We have spent a good amount of time, on and off, studying 1 John. We have observed in this letter that John’s readers were being threatened by false teaching that presented a superficial view of Jesus Christ. John writes to combat this false teaching. He concludes his letter with a passionate exhortation: “Little children, keep yourself from idols” (5:21).
John was not concerned that his readers would bow to images of Jupiter or Diana. He was concerned that they would embrace the superficial view of Christ promoted by the Gnostics. His exhortation was pointed: Whenever we embrace an unbiblical view of God, we embrace idolatry.
It has been noted that the difference between the first and the second of the Ten Commandments is that the first instructs us to worship God alone while the second instructs us how to worship God alone. Another way of stating this is that the first command instructs us to keep God first while the second instructs us to keep him separate. We must not treat God the way idolaters treat their gods. We must not treat him the way we treat our gods.

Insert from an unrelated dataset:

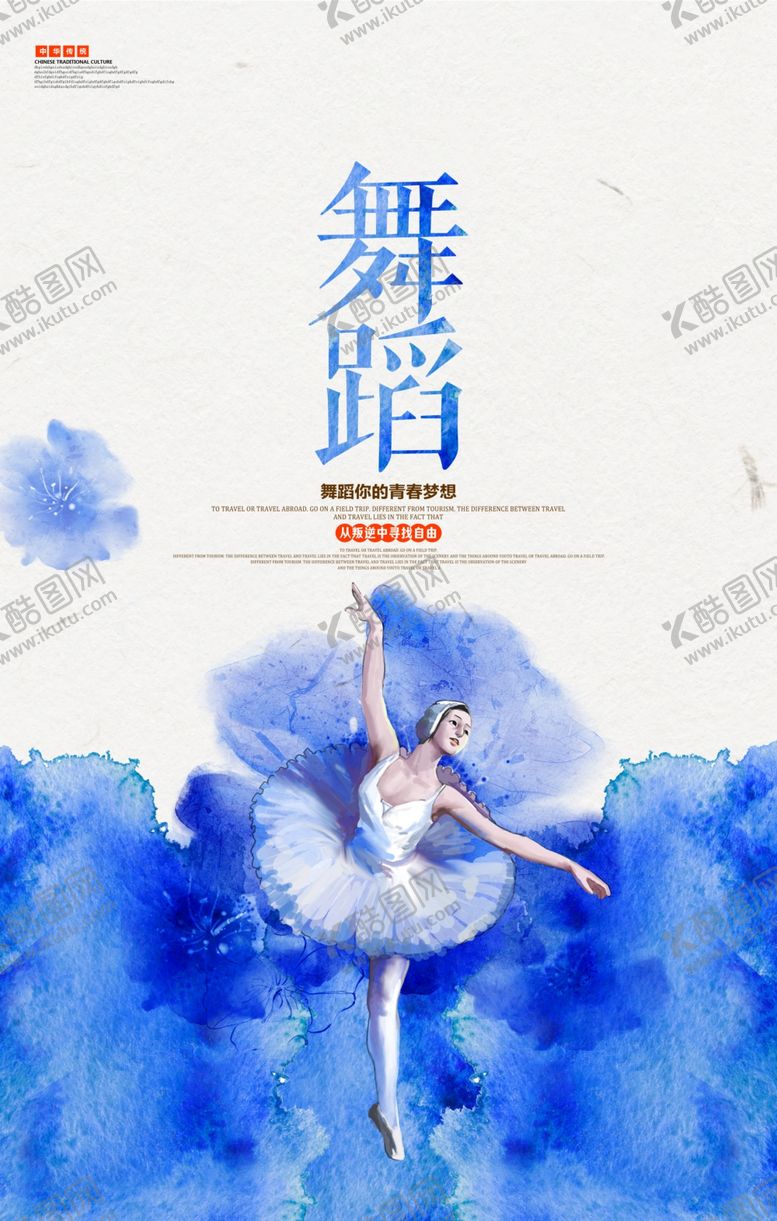 编号：64696904302041522642【酷图网】源文件下载-舞蹈培训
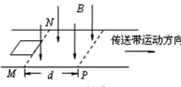 图片_x0020_100021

We do well to recognise that we are all tempted to idolatry. Calvin wrote that the human heart is a perpetual forge of idols. He did not mean that we are unendingly tempted to produce statues of Zeus, Ra, or Ganesh. He meant that we are prone to treat God as nothing special. We are prone to relegate him in our affections to the same place as—or even lower than—our other affections.
Paul Tillich has defined faith as “the state of being ultimately concerned.” We worship, in other words, that which ultimately concerns us. Your god is whatever is of ultimate concern to you. Since we all have something of ultimate concern, we are all worshippers. The question is, what holds that place of ultimate concern in your life?

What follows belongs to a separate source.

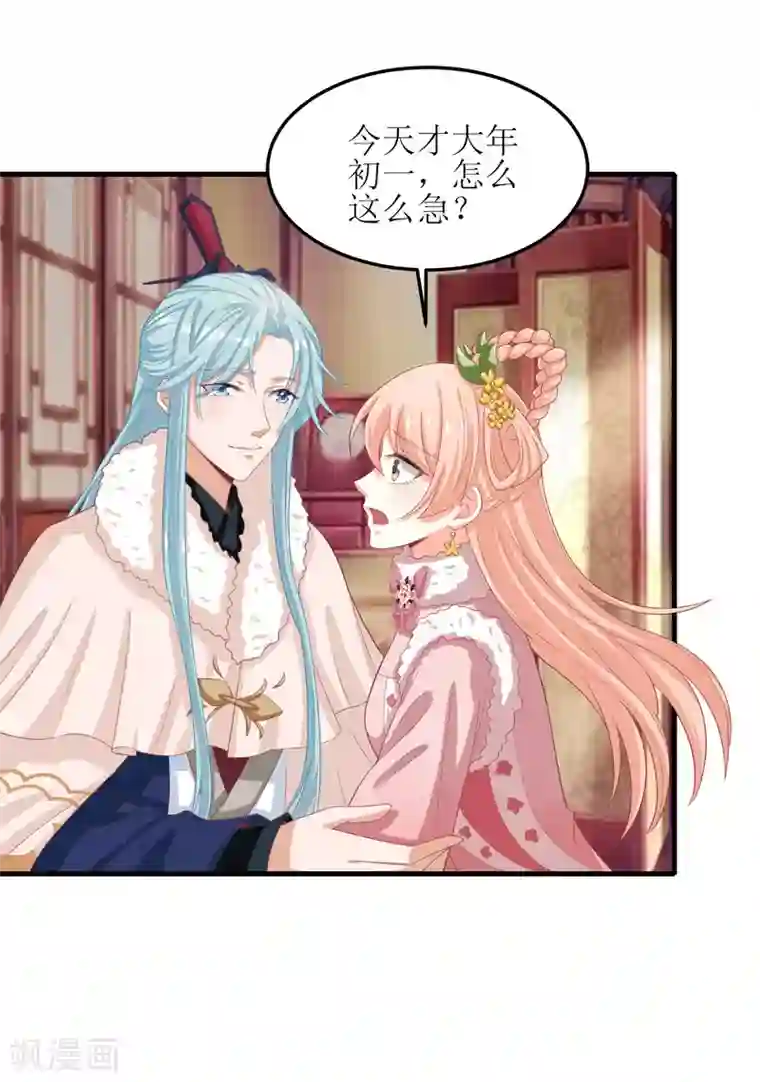 我家皇帝又吃醋了第63话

It comes down to a question of value. We far too often fail to grasp God’s inestimable worth. Our sinful hearts place inordinate value on things like money, success, family, and education, and the unbelieving culture elevates the worth of these things. The result is that we underestimate God’s worth in our lives and therefore fail to accord him the place of ultimate concern that belongs to him alone.
When our worship of and devotion to the Lord wanes, the solution is not to try harder. The solution is to see clearer—to gain a clearer vision of who God is. This will enable us to put all other things in their proper place so that he receives our primary devotion. The simple hymn states it beautifully:
Turn your eyes upon Jesus,
look full in his wonderful face,
and the things of earth will grow strangely dim
in the light of his glory and grace.
How do we do this? How can you turn our eyes upon Jesus today and thereby gain a clearer vision of God’s worth? Here are three brief suggestions.
First, immerse yourself in the Gospels. Spend some time reading about the life and ministry of Jesus. Discover, from the mouth of the Spirit himself, Christ’s kindness, power, grace, and beauty.
Second, engage with those who have a clear vision of Christ. We saw in Numbers 11 on Sunday that our choice of companions will affect our response to God. Sharpen your own vision by fellowshipping with those who understand the worth of Christ.
Third, pray for a clearer vision of Christ. Ask God to enable you to see Christ in his beauty so that you will worship him as you should. Pray that the things of this earth will lose their lustre as you gaze intently upon the glory of the resurrected Christ.